Reece has never wanted to kiss her more.

Instead, they rejoin the party because he has obligations. The crowd has shifted and everything feels a bit looser, probably because the drinks are stronger.

Maiken takes his arm, all confidence and control. She’s not just keeping up, she’s setting the pace.

They make the rounds.

Photos with Coy and Petra — Reece in the middle, arms draped over both shoulders, the cameras flashing like clockwork.

Then Coy steps aside and gestures to Maiken and his daughter. “Ladies, mind if we get one with you together?”

Maiken smiles and steps forward.

Petra smirks. “Guess we should give them something usable.”

They pose side by side, Maiken in black, Petra in red silk. Oil and flame. One calm as gravity, the other grinning like she’s already won.

The camera loves them. Phones come out. AetherX’s photographers turn their lenses. The execs lean toward each other mid-shot and whisper.

The CEO of AetherX, Daphne Browning, steps forward.

The woman is a power bob over chrome heels.

Her expression says she’s already drafted three different strategies while watching Maiken and Petra pose.

She approaches Mai directly. “That dress.” She nods, voice low and approving.

“And the whole look. Flawless and confident without apology. I like it.”

Maiken smiles. “Thank you.”

“Petra’s the face of our ‘Edge Theory’ campaign for a reason, but I think we’re overdue for a second narrative.”

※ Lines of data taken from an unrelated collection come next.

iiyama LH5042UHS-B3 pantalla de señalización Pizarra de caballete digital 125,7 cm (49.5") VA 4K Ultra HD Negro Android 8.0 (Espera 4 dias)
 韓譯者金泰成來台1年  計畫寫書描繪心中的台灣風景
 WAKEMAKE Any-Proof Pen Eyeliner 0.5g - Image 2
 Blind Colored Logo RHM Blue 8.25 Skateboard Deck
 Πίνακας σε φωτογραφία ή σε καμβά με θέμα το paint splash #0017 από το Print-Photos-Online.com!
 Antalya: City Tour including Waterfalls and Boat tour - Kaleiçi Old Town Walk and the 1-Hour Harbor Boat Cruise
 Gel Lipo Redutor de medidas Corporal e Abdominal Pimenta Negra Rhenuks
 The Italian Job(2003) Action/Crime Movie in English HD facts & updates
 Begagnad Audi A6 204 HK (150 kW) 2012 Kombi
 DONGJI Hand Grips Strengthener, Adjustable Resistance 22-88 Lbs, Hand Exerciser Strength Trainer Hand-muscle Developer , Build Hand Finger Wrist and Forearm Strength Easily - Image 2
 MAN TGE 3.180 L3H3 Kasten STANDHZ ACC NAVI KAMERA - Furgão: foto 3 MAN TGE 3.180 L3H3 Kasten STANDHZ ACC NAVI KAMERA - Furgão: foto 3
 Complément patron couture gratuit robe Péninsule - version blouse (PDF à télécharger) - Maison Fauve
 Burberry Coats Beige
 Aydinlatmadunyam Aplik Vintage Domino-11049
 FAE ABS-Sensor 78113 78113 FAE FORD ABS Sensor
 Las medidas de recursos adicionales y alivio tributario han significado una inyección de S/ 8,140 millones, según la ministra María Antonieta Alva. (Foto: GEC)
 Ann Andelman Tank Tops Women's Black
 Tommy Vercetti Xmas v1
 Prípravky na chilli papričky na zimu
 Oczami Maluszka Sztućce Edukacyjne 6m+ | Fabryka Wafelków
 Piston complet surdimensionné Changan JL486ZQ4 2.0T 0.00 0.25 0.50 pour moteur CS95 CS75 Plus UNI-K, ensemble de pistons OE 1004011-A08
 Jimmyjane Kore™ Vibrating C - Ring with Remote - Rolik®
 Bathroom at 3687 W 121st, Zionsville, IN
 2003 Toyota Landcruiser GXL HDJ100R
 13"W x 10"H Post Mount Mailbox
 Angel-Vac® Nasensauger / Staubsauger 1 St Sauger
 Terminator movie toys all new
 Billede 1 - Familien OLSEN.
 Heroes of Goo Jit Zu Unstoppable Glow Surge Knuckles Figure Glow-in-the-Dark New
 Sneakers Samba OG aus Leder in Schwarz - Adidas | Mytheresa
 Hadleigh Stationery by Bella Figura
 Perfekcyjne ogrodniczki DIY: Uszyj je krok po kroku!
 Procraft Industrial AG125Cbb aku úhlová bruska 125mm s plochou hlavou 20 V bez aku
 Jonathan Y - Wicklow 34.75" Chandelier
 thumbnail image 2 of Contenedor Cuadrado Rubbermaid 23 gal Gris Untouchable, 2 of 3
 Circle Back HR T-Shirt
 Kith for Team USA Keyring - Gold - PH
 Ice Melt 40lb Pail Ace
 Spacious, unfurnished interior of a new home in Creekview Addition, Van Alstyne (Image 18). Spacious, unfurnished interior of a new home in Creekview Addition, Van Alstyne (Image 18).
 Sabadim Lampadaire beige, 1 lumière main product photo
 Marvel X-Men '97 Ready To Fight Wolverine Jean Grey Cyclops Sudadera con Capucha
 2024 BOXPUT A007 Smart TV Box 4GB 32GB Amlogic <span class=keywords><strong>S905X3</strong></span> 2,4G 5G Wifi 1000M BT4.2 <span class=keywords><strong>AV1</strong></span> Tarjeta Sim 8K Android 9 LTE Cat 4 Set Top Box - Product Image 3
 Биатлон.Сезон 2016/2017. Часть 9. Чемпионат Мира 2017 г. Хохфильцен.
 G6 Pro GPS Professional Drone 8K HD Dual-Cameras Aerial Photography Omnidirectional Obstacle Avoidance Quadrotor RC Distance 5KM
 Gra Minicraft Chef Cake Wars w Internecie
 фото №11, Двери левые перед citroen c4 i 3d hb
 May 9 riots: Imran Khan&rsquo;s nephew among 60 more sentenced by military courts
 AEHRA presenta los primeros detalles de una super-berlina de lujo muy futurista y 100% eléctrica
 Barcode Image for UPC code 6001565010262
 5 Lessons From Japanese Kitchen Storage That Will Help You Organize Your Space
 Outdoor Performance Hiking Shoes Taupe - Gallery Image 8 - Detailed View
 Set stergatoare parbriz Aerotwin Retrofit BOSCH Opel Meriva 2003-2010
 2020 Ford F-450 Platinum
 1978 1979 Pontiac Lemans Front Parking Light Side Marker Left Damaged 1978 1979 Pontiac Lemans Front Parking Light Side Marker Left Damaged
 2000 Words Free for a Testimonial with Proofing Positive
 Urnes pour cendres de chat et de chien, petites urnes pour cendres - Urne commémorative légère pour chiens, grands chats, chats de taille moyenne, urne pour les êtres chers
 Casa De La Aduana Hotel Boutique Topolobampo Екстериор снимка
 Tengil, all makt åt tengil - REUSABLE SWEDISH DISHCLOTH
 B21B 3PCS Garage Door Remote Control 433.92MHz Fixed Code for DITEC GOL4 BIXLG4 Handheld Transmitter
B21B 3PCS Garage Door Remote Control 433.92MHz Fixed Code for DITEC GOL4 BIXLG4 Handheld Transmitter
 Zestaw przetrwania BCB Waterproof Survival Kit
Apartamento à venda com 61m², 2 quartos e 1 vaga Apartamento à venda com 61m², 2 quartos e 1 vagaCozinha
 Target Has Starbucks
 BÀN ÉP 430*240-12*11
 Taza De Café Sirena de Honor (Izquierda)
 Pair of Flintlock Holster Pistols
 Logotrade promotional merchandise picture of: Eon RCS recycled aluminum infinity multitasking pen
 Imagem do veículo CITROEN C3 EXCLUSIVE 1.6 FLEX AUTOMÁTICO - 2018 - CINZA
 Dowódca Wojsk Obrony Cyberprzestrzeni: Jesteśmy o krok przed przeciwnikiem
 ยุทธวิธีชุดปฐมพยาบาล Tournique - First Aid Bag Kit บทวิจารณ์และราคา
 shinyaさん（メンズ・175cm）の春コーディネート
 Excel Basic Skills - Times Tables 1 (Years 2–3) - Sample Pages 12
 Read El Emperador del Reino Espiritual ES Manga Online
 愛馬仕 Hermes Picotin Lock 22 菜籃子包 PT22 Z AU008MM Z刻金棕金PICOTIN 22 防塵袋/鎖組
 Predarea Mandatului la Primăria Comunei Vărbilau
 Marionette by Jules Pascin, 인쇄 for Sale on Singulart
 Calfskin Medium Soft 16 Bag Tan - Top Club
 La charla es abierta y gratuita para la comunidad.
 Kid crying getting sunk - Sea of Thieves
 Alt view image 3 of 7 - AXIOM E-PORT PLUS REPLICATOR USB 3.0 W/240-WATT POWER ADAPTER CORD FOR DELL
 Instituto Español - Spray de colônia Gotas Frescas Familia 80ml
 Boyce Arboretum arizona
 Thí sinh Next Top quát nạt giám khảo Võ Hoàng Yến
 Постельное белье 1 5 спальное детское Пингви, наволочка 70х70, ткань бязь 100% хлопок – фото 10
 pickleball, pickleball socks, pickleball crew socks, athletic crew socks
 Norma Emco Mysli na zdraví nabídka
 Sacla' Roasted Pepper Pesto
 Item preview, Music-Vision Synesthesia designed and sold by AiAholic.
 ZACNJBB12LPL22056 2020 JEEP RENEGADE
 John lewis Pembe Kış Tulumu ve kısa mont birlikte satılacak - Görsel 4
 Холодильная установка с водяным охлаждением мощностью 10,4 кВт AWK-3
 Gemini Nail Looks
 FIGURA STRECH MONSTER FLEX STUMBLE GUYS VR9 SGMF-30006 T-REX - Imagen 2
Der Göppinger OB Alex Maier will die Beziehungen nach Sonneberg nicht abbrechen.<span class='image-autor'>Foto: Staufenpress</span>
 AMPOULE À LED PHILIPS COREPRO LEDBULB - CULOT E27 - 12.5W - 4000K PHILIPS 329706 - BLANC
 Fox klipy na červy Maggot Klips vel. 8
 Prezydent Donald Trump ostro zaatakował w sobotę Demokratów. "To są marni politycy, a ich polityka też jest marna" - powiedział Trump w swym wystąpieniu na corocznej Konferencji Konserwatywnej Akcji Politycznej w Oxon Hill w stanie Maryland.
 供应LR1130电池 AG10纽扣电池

Her gaze flicks briefly to Reece — not asking permission, but noting their connection — then she’s back to Maiken.

“Would you be open to a conversation about editorial work? Something digital-forward. Short-form, live touchpoints. Power. Performance. Personality.” This is quintessential Daphne, thinking so fast she skips half the words.

Maiken doesn’t dive in or gush. She considers. “I’d be open to a conversation, but I won’t compromise or apologize for what I do for a living. I want that to be absolutely clear.”

Daphne’s smile sharpens. “Good. No one should ask you to. And I sure as hell won’t.” She extends a hand, and Maiken takes it without hesitation. There’s a quiet message in that moment. Nitro’s primary sponsor has chosen sides.

Pride and relief take up so much space in Reece’s chest he can hardly breathe.

This is what Graham and all the other people who underestimate his wife don’t understand.

Maiken doesn’t need the machine’s approval. She rewires the whole bloody thing.